Ah, but what if MY random number generator goes 1 thru 4? Would I not then have a superior chance of winning? 

[Quarque]

nope

If everyone else follows the "optimal" strategy, you will have the same chance of winning as the rest if you pick any number from one to five.

A lower number takes precedence, but will collide more often.
A higher number collides less often, but risks being beaten.
Those two factors cancel each other out with this distribution, so you can't outsmart it.

@NJW2000 Where did you find this game, or did you come up with it yourself?

[NJW2000]

I saw it at a talk about stuff like Nash equilibria, used to get people excited about the topic. This was a while ago, it was a younger audience.

I’d be interested in how you worked out the optimal strategy, I don’t know much about calculating that kind of thing.

[Quarque]

The trick is to calculate: "what strategy X makes all of your choices equivalent if the other 8 players play X?"

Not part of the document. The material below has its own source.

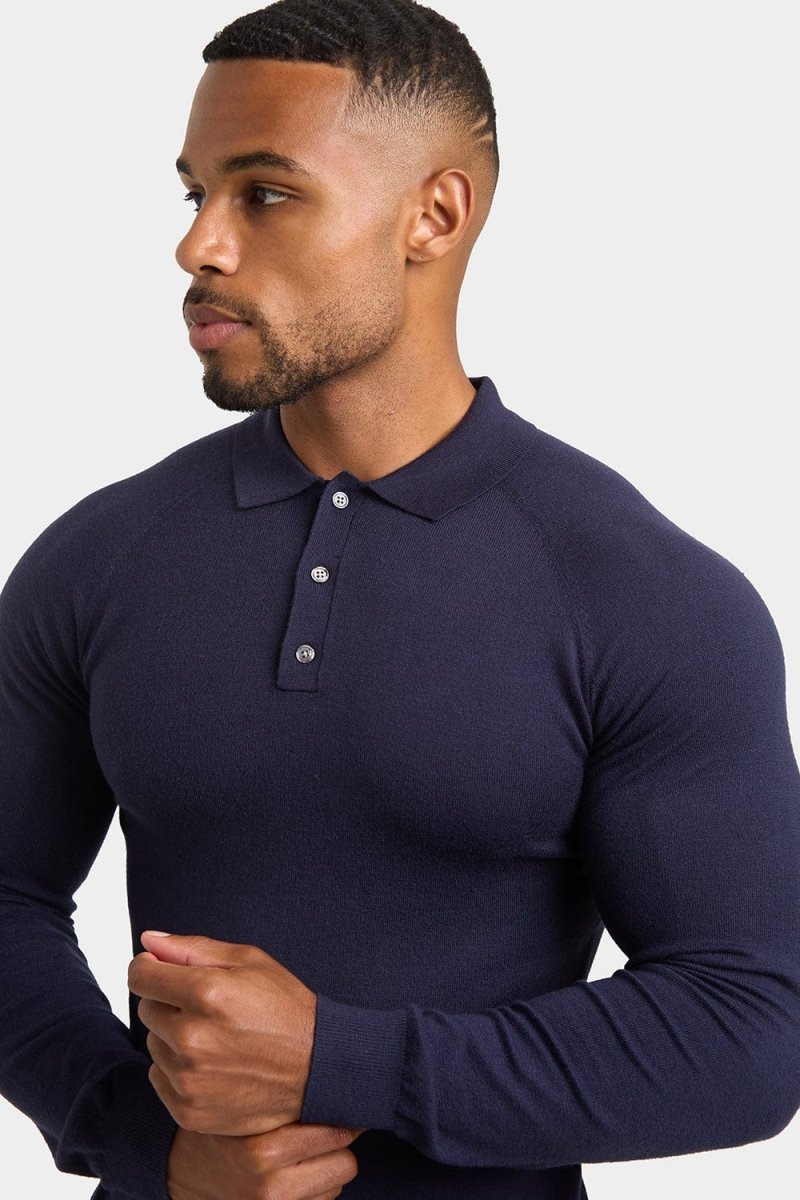 Knitted Polo Shirt in Navy - TAILORED ATHLETE - ROW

Step 1: I assumed that the optimal strategy is a random pick between numbers 1 to 5, as I motivated above. (In hindsight it was perhaps not entirely correct, maybe a strategy with a small chance to pick 6 is slightly better, but the outcome I got should still be pretty close.)
So every candidate strategy is a list of 5 probabilities p1 .. p5 to pick the number 1 .. 5.

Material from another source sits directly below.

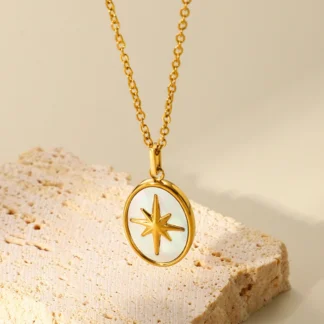 Collar de perlas redondas para mujer, colgante de estrella ovalada de concha Natural, gargantilla de acero inoxidable, joyería Bohemia Vintage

Step 2: I used excel to calculate your expected probability of winning the game with a given number N, given that the other 8 players picked their numbers with p1 .. p5.
As to how:
Step 2A: I listed all of the possible results of players 1 to 8 in an excel sheet. Five columns for the numbers of players that picked 1 to 5. So for example one possible result is 3 | 0 | 3 | 2 | 0. However, I omitted the results where you can never win, for example when exactly 1 other player picked 1. Those results are irrelevant because your number doesn't matter.
Step 2B: I calculated the odds of each result, given the probabilities p1 .. p5.
(This is easier than it may sound, you can use the formula p1^k1 * p2^k2 * p3^k3 * p4^k4 * p5^k5 * 8! / (k1! * k2! * k3! * k4! * k5!), where k1 .. k5 are the numbers of other players playing 1 to 5)
Step 2C: For each number that you pick, I checked for which results it is winning and added up the probabilities.

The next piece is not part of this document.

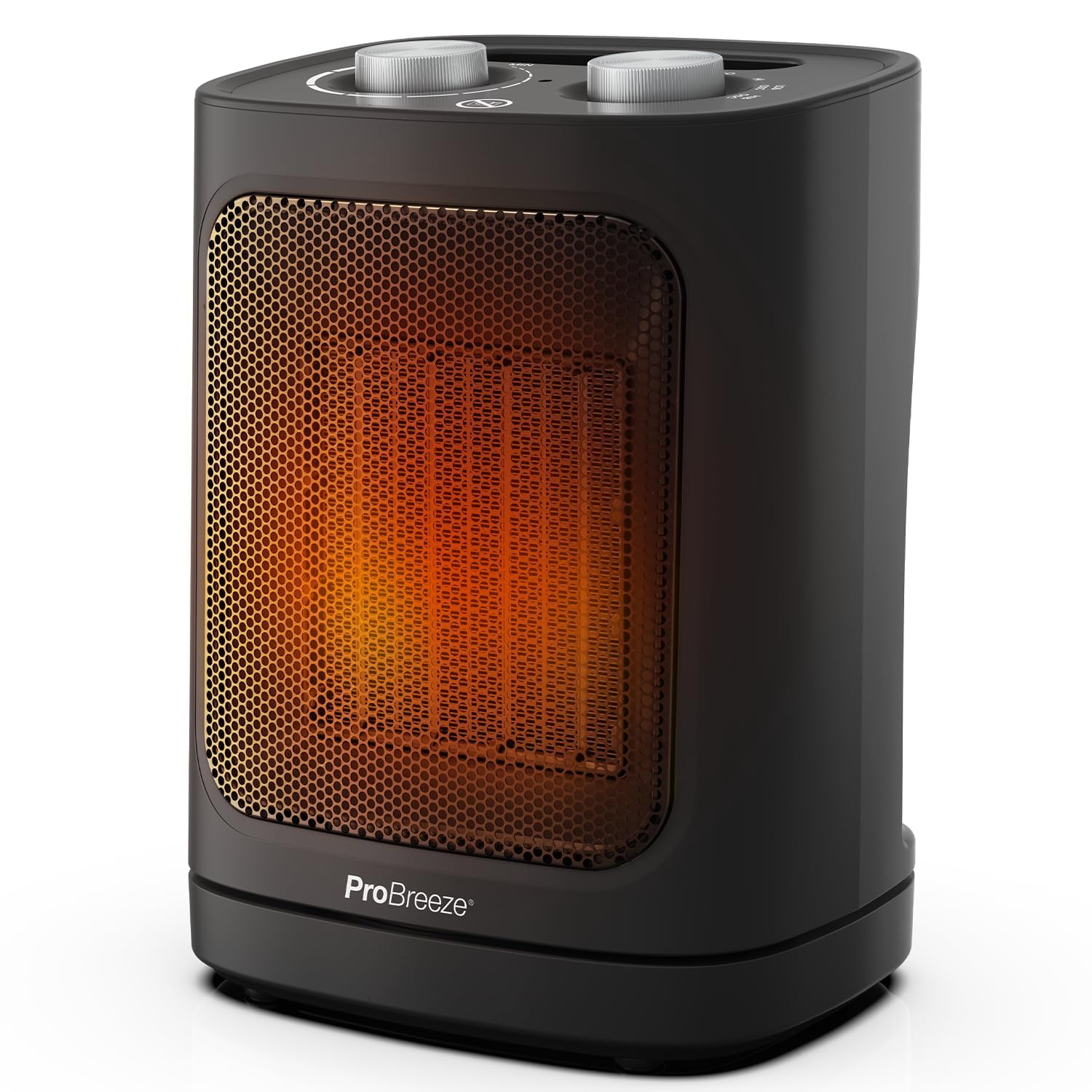 Pro Breeze 1800W Mini Ceramic Fan Heater - 2 Heat Settings & Fan Only Mode with Built-in Overheat and Tip Over Protection, Electric Heater for Home, Office and Bedroom (Black)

Step 3: now play with the probabilities p1 .. p5 until the expected probability of winning is about equal for each number you can play

link to sheet

[webadict]

The optimal max number to pick is the ceiling(number of players /2).  The reason is that players can be maximally pair to that number of choices.

Basically, look at 2 players:  Always picking 1 wins every time it doesn't tie.  You never pick 2 because the other player can't tie if you don't pick 1.

Look at 3 players.  You should pick 1 or 2 because picking 3 never wins where picking 1 or 2 didnt.  It only loses when there isn't a tie, which is 50% of the time.

Keep this going: 4 players, you pick 1 or 2.  Picking 3 only wins when all other players tie at 1 or 2, 25% of the time, but always loses the other 75% of the time.  Conversely, you have a chance to tie from that 75% (equal to 37.5% or 50% of those losses.)

In this case, with 9 players, you should always pick 1 to 5.

[Quarque]

I thought exactly that, too. But it's wrong. To see why, the three player game is a good example. If the other two players play a 50/50 roll to pick 1 or 2, then picking 3 wins half the time. That's more than 33%, so it beats the strategy.

But it gets crazier, the real optimal strategy has a smallchance to pick any number!

proof: if the other players never pick a number greater than N, you get better odds of winning than they do if you follow a strategy that is identical to theirs, except that you pick N+1 whenever they would pick N. Because N+1 wins when N would win, but it also wins when two other players play N.

[webadict]

Hm, doing a bit of math, I think you're right, but with a caveat that if you pick a higher maximum number than someone else, you typically have better odds (just by virtue of having less ties).  So, assuming then that a theoretical optimal maximum is unbounded, your distribution is probably some type of Chi-square, depending on the number of players.